(Entries provided Opens)

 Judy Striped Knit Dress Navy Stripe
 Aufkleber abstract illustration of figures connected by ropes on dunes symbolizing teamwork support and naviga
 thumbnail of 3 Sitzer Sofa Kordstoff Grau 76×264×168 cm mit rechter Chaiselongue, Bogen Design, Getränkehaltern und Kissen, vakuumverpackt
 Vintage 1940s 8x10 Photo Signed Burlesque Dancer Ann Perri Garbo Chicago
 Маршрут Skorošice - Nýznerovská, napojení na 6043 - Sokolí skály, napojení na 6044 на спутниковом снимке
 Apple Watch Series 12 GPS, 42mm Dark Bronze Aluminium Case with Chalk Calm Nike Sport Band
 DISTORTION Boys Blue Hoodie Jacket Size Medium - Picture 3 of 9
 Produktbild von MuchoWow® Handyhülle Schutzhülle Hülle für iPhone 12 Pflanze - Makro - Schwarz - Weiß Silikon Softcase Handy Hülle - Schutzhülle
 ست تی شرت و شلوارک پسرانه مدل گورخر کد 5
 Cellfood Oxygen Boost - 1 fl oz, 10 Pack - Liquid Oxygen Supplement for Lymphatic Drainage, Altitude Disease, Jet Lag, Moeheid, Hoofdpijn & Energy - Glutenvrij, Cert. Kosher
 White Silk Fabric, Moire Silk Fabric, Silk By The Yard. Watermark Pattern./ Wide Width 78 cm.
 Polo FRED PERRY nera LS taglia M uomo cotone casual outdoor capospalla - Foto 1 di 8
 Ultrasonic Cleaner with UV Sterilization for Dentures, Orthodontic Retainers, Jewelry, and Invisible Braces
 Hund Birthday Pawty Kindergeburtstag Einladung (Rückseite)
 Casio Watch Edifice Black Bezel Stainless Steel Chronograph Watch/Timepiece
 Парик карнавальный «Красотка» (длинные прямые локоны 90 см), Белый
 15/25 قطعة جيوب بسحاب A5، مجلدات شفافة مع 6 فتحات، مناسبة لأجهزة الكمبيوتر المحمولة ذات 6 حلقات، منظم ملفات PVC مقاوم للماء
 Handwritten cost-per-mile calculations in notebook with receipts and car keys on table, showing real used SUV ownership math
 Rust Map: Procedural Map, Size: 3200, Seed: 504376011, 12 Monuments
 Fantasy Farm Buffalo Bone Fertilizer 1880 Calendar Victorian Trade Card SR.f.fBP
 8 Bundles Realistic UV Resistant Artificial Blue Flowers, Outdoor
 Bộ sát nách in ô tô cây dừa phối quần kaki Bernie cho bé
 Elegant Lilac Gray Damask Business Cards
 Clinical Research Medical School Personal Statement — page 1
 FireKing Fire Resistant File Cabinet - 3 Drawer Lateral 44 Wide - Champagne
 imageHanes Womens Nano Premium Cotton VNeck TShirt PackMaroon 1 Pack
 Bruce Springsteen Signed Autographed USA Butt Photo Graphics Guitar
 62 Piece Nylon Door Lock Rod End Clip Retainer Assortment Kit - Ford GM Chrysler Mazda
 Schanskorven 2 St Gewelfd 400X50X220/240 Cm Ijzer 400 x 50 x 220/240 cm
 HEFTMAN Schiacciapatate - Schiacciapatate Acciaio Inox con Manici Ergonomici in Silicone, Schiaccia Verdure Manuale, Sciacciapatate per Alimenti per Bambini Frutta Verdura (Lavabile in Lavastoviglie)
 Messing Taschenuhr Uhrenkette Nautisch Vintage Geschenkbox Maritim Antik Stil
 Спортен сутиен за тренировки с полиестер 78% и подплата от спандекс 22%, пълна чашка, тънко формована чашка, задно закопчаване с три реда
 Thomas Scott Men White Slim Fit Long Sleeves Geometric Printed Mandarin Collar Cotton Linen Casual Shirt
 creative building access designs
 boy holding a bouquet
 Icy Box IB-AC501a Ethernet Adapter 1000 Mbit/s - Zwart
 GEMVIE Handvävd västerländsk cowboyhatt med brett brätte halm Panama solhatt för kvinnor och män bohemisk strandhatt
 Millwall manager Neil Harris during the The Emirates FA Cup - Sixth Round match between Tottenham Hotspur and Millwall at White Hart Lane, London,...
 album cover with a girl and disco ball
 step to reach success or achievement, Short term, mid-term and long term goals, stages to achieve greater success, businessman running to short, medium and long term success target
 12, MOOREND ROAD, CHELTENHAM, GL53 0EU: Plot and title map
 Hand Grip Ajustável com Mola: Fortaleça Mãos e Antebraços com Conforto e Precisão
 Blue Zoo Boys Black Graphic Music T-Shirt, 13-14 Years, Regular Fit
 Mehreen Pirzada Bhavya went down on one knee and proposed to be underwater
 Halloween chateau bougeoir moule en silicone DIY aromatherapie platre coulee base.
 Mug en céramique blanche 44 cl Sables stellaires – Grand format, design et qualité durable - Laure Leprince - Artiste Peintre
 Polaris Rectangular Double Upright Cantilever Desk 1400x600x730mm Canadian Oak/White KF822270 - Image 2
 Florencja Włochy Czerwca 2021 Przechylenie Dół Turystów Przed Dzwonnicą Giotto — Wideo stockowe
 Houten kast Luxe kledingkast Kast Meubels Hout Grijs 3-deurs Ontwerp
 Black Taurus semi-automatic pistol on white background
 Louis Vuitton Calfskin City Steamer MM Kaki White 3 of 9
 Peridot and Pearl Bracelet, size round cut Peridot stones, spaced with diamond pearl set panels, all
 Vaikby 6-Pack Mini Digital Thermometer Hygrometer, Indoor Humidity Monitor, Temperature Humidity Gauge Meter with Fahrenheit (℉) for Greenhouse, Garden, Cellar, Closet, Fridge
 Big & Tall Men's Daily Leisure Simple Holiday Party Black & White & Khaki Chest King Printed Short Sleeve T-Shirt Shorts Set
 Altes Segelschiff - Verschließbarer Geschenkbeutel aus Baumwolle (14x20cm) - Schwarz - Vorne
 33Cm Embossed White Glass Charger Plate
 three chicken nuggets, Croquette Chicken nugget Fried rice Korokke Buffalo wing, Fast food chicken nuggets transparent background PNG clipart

(Entries provided Closes)

Exercise brief:
Please reply with an exact copy of the lines above, starting at the first and ending at the line that holds "Clinical Research Medical".

Exercise output:
 Judy Striped Knit Dress Navy Stripe
 Aufkleber abstract illustration of figures connected by ropes on dunes symbolizing teamwork support and naviga
 thumbnail of 3 Sitzer Sofa Kordstoff Grau 76×264×168 cm mit rechter Chaiselongue, Bogen Design, Getränkehaltern und Kissen, vakuumverpackt
 Vintage 1940s 8x10 Photo Signed Burlesque Dancer Ann Perri Garbo Chicago
 Маршрут Skorošice - Nýznerovská, napojení na 6043 - Sokolí skály, napojení na 6044 на спутниковом снимке
 Apple Watch Series 12 GPS, 42mm Dark Bronze Aluminium Case with Chalk Calm Nike Sport Band
 DISTORTION Boys Blue Hoodie Jacket Size Medium - Picture 3 of 9
 Produktbild von MuchoWow® Handyhülle Schutzhülle Hülle für iPhone 12 Pflanze - Makro - Schwarz - Weiß Silikon Softcase Handy Hülle - Schutzhülle
 ست تی شرت و شلوارک پسرانه مدل گورخر کد 5
 Cellfood Oxygen Boost - 1 fl oz, 10 Pack - Liquid Oxygen Supplement for Lymphatic Drainage, Altitude Disease, Jet Lag, Moeheid, Hoofdpijn & Energy - Glutenvrij, Cert. Kosher
 White Silk Fabric, Moire Silk Fabric, Silk By The Yard. Watermark Pattern./ Wide Width 78 cm.
 Polo FRED PERRY nera LS taglia M uomo cotone casual outdoor capospalla - Foto 1 di 8
 Ultrasonic Cleaner with UV Sterilization for Dentures, Orthodontic Retainers, Jewelry, and Invisible Braces
 Hund Birthday Pawty Kindergeburtstag Einladung (Rückseite)
 Casio Watch Edifice Black Bezel Stainless Steel Chronograph Watch/Timepiece
 Парик карнавальный «Красотка» (длинные прямые локоны 90 см), Белый
 15/25 قطعة جيوب بسحاب A5، مجلدات شفافة مع 6 فتحات، مناسبة لأجهزة الكمبيوتر المحمولة ذات 6 حلقات، منظم ملفات PVC مقاوم للماء
 Handwritten cost-per-mile calculations in notebook with receipts and car keys on table, showing real used SUV ownership math
 Rust Map: Procedural Map, Size: 3200, Seed: 504376011, 12 Monuments
 Fantasy Farm Buffalo Bone Fertilizer 1880 Calendar Victorian Trade Card SR.f.fBP
 8 Bundles Realistic UV Resistant Artificial Blue Flowers, Outdoor
 Bộ sát nách in ô tô cây dừa phối quần kaki Bernie cho bé
 Elegant Lilac Gray Damask Business Cards
 Clinical Research Medical School Personal Statement — page 1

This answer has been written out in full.